* Information given
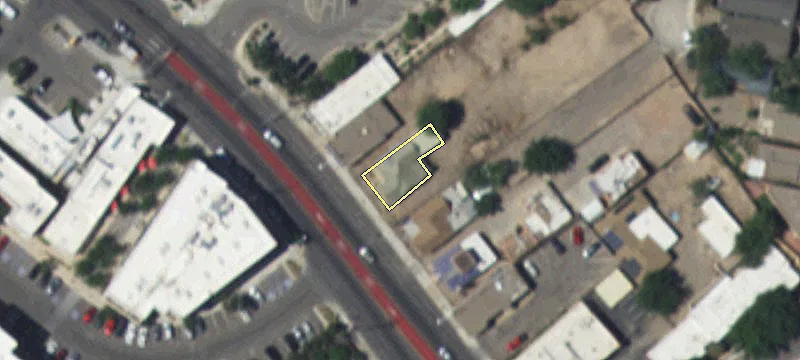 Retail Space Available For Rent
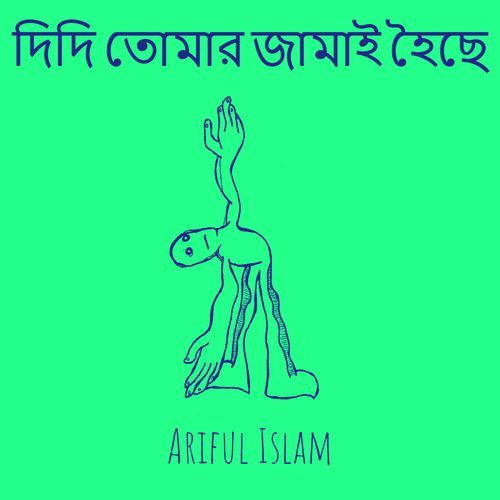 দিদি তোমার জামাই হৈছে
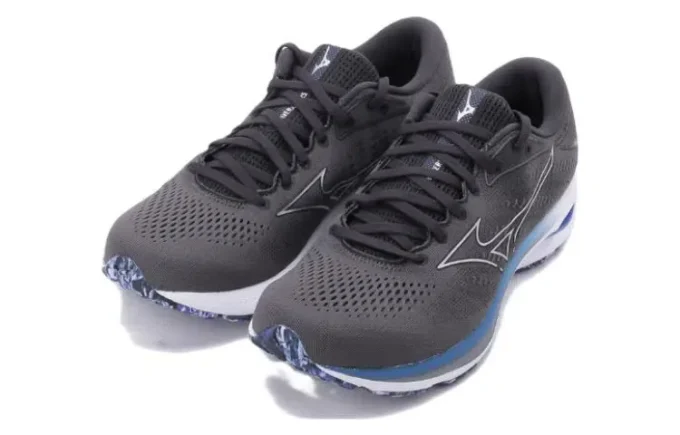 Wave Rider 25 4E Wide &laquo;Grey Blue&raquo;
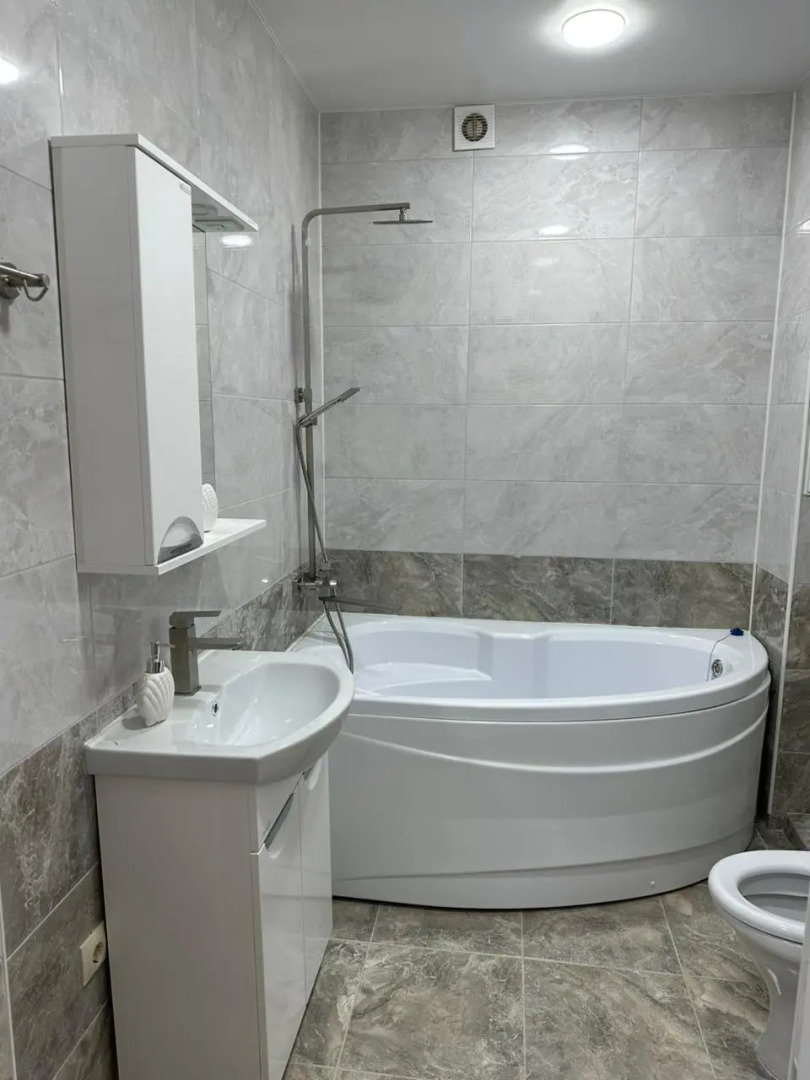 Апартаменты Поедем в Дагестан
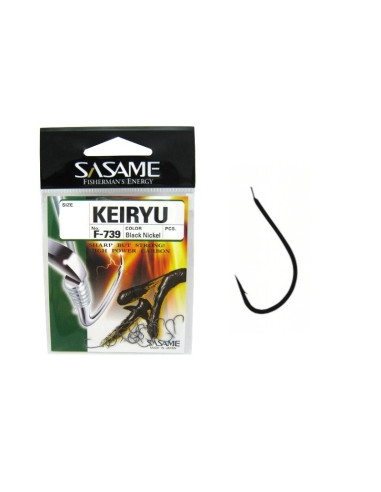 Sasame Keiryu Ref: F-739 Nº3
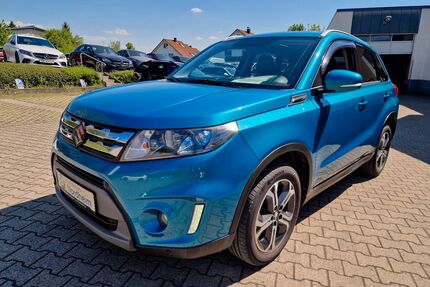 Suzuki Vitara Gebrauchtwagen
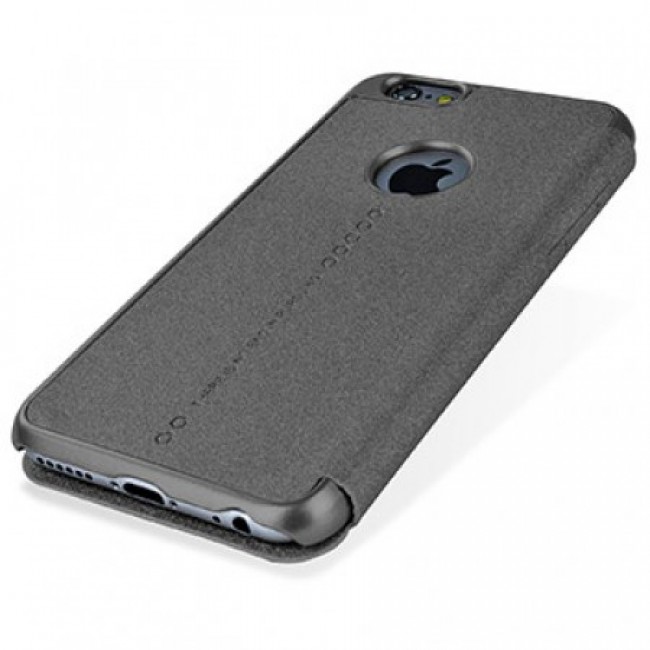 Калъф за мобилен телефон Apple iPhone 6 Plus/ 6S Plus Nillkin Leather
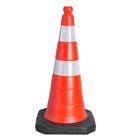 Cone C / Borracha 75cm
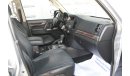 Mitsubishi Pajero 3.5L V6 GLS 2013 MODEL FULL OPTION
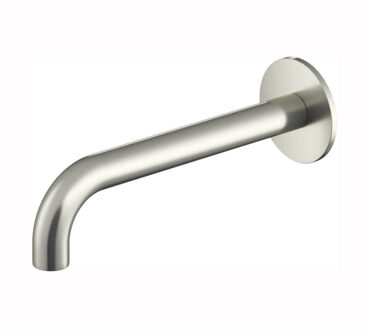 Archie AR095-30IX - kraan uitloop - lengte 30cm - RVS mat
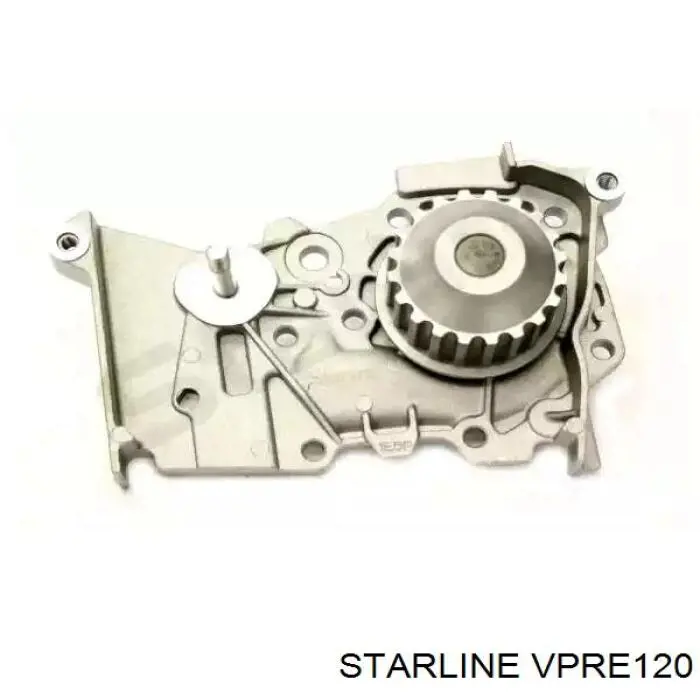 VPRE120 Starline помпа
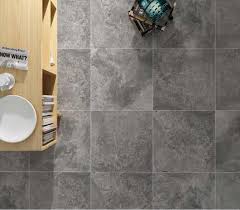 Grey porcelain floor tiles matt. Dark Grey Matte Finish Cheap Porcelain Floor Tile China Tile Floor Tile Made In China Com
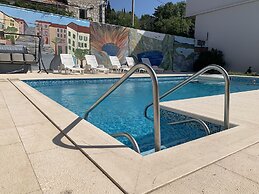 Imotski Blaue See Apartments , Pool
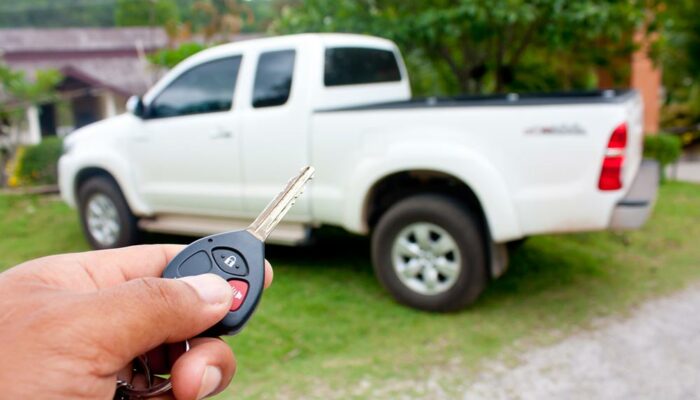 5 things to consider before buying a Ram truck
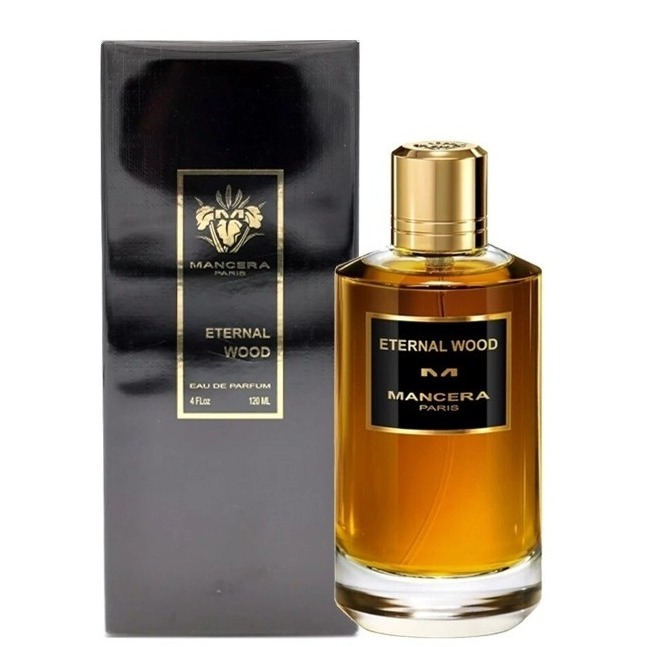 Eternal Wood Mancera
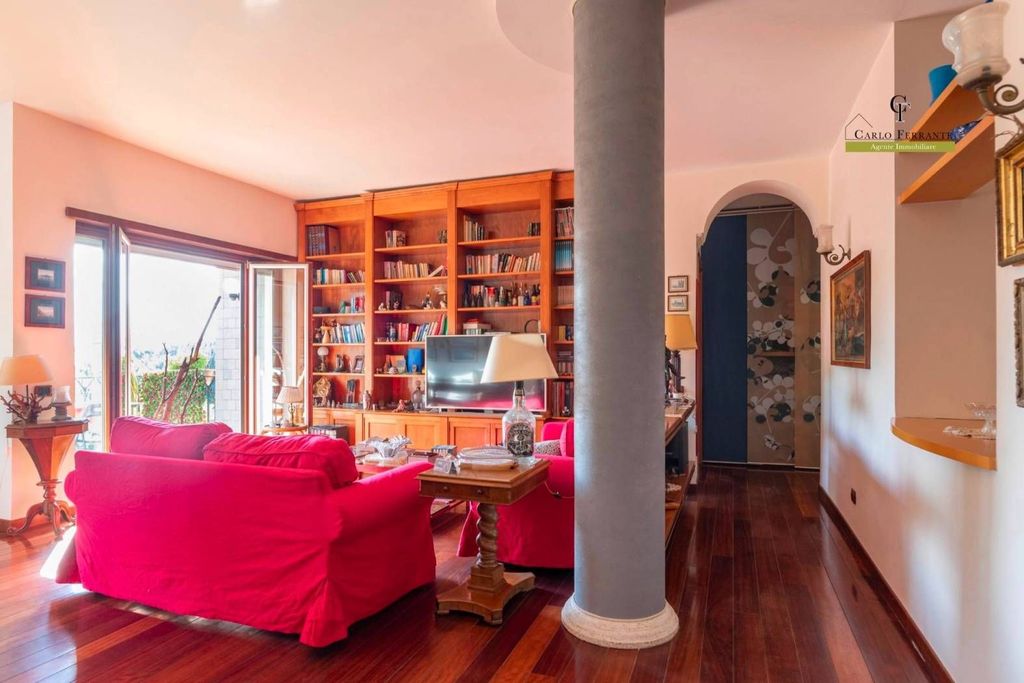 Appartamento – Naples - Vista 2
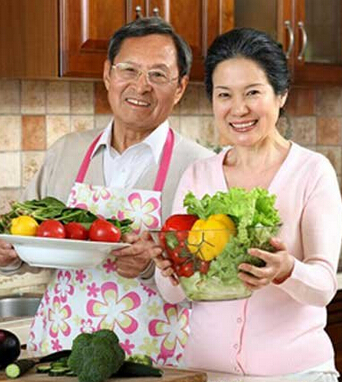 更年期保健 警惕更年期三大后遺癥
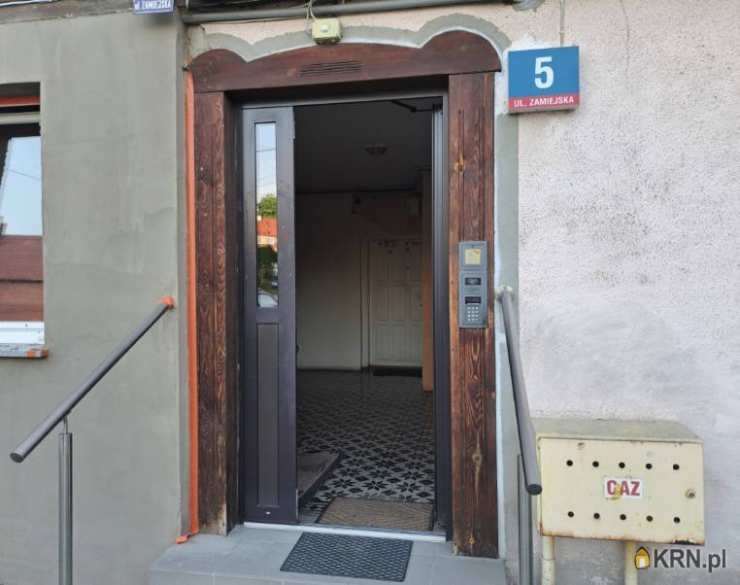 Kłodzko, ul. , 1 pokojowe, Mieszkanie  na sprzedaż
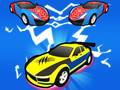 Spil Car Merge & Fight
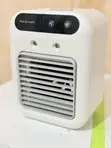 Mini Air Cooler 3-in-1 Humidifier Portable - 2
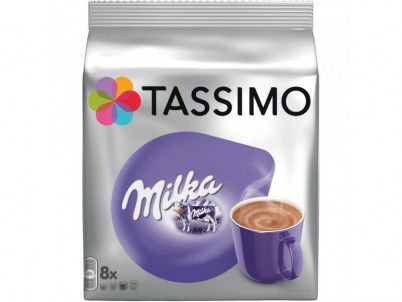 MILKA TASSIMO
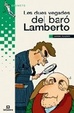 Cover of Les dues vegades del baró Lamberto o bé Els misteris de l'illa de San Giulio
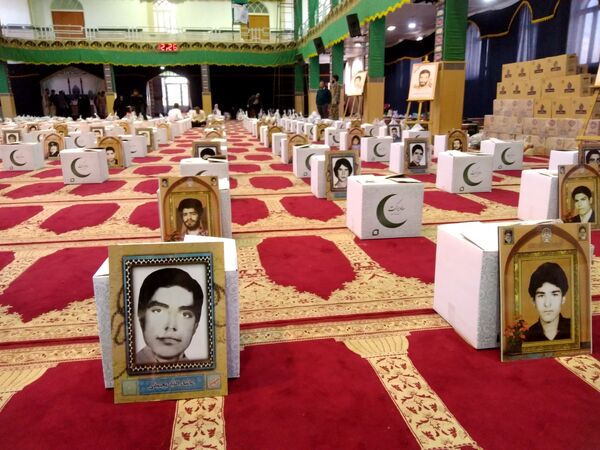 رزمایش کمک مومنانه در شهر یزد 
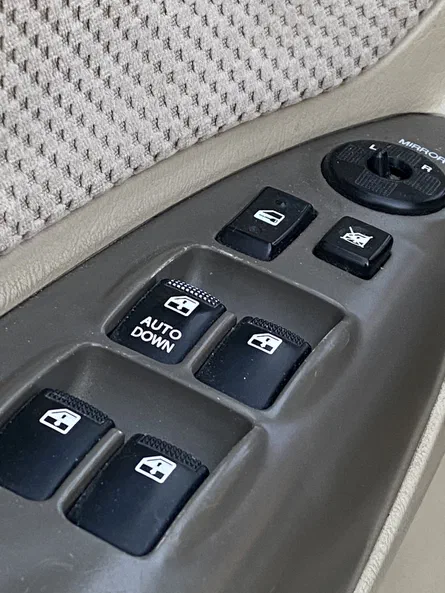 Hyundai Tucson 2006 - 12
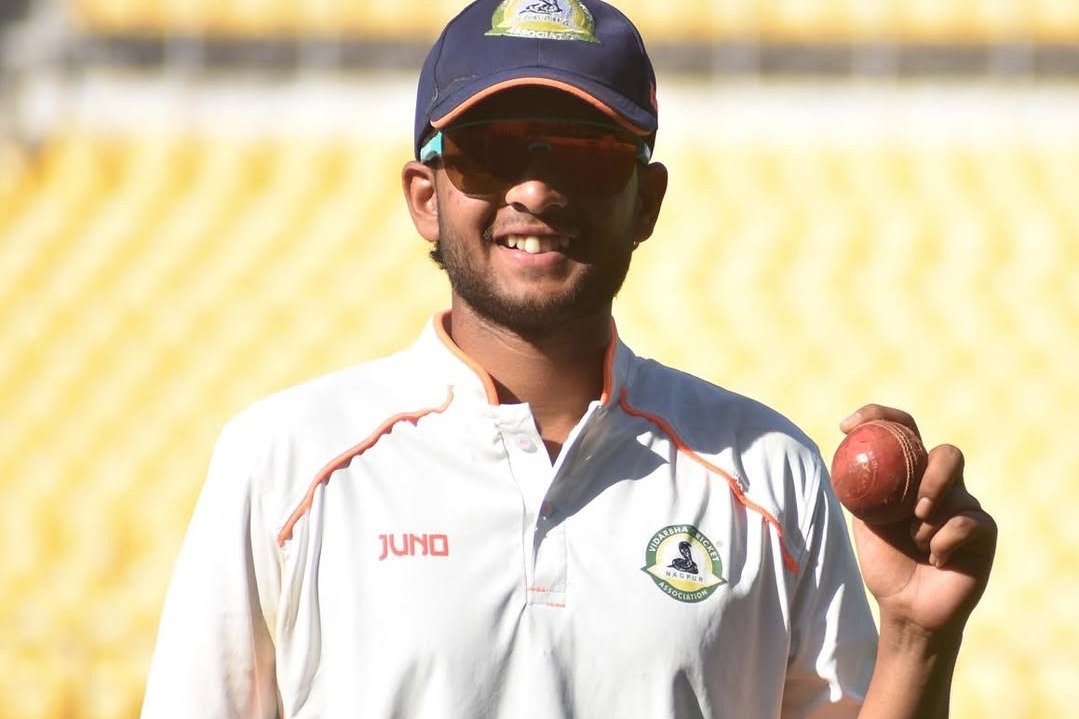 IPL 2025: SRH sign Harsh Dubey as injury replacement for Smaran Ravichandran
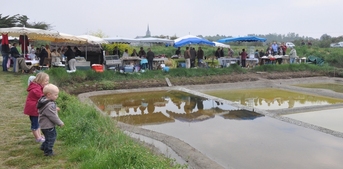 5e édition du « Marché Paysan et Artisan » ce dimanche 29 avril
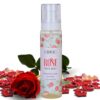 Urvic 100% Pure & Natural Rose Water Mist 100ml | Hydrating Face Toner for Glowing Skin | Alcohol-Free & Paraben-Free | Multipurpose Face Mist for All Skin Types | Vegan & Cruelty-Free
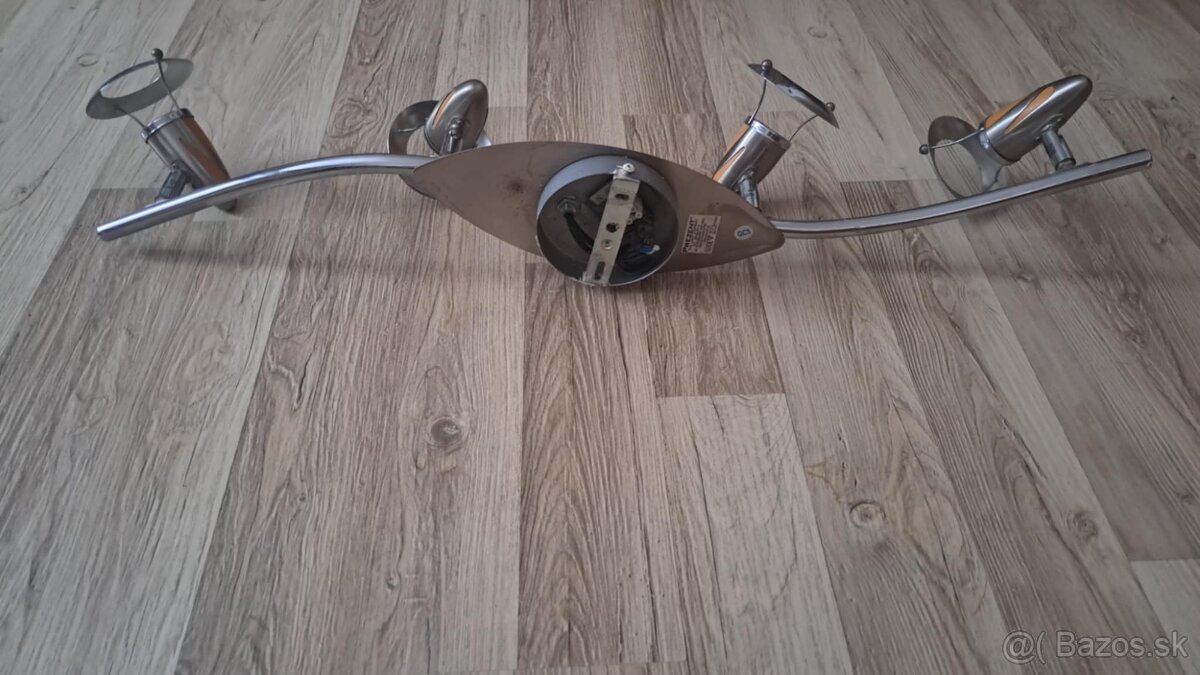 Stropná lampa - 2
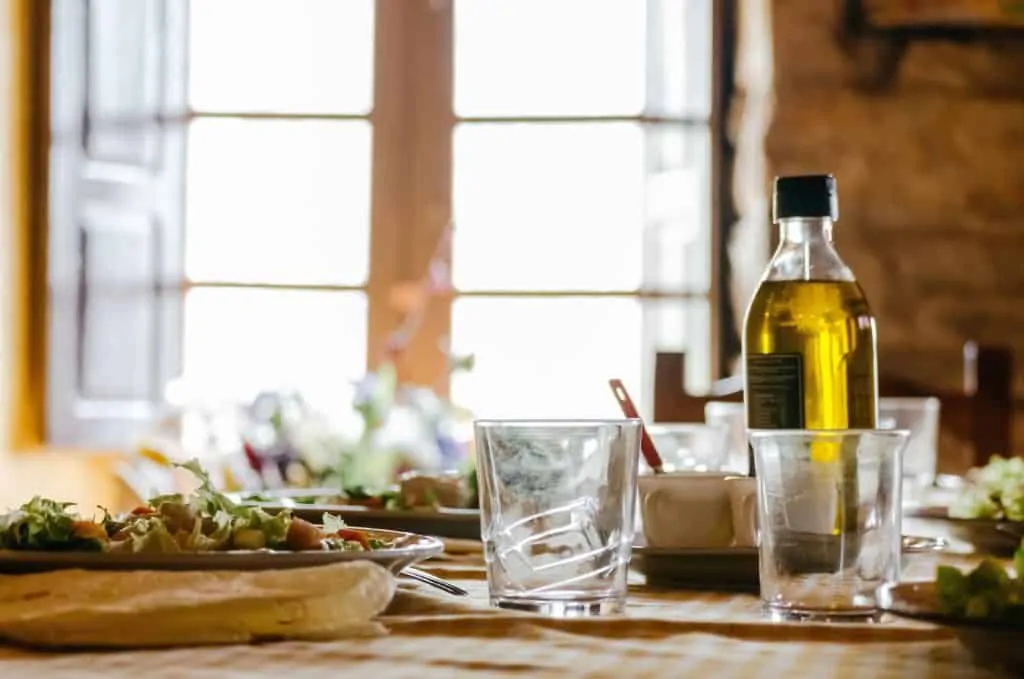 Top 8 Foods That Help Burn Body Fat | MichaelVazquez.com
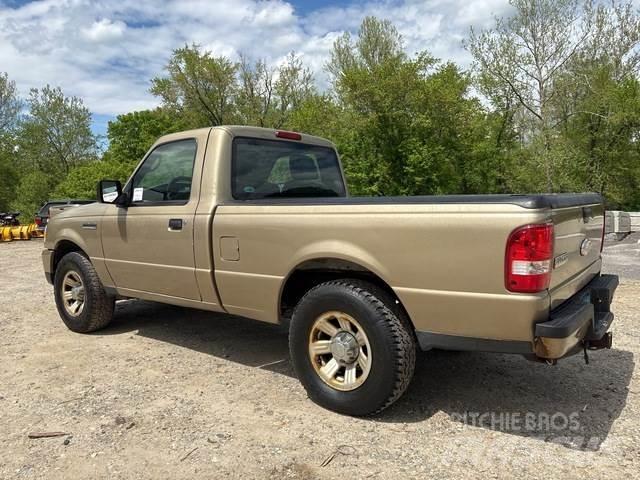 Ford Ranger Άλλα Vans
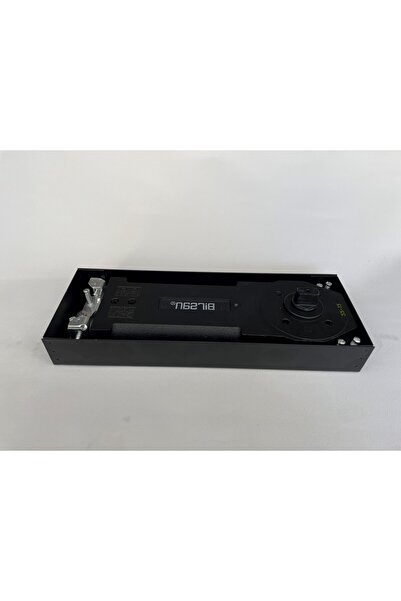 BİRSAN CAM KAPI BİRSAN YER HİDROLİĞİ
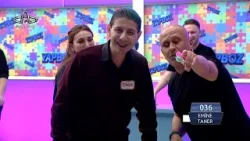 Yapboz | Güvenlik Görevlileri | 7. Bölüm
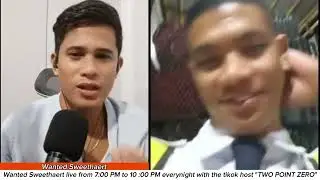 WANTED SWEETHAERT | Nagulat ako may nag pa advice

* Exercise brief
Please write out the lines above, beginning at the line with "更年期保健 警惕更年期三大后遺癥" and ending at the last line of the records, exactly as they appear and without pictures.

* Solution
 更年期保健 警惕更年期三大后遺癥
 Kłodzko, ul. , 1 pokojowe, Mieszkanie  na sprzedaż
 Spil Car Merge & Fight
 Mini Air Cooler 3-in-1 Humidifier Portable - 2
 MILKA TASSIMO
 Cover of Les dues vegades del baró Lamberto o bé Els misteris de l'illa de San Giulio
 رزمایش کمک مومنانه در شهر یزد 
 Hyundai Tucson 2006 - 12
 IPL 2025: SRH sign Harsh Dubey as injury replacement for Smaran Ravichandran
 5e édition du « Marché Paysan et Artisan » ce dimanche 29 avril
 Urvic 100% Pure & Natural Rose Water Mist 100ml | Hydrating Face Toner for Glowing Skin | Alcohol-Free & Paraben-Free | Multipurpose Face Mist for All Skin Types | Vegan & Cruelty-Free
 Stropná lampa - 2
 Top 8 Foods That Help Burn Body Fat | MichaelVazquez.com
 Ford Ranger Άλλα Vans
 BİRSAN CAM KAPI BİRSAN YER HİDROLİĞİ
 Yapboz | Güvenlik Görevlileri | 7. Bölüm
 WANTED SWEETHAERT | Nagulat ako may nag pa advice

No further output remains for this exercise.